Segment Open

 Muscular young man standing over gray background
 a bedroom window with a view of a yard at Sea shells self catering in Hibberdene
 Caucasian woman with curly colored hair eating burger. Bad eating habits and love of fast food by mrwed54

Segment Closed

**Task description**
Whenever the string "with" shows up in a line above, copy that line.

**Reply**
 a bedroom window with a view of a yard at Sea shells self catering in Hibberdene
 Caucasian woman with curly colored hair eating burger. Bad eating habits and love of fast food by mrwed54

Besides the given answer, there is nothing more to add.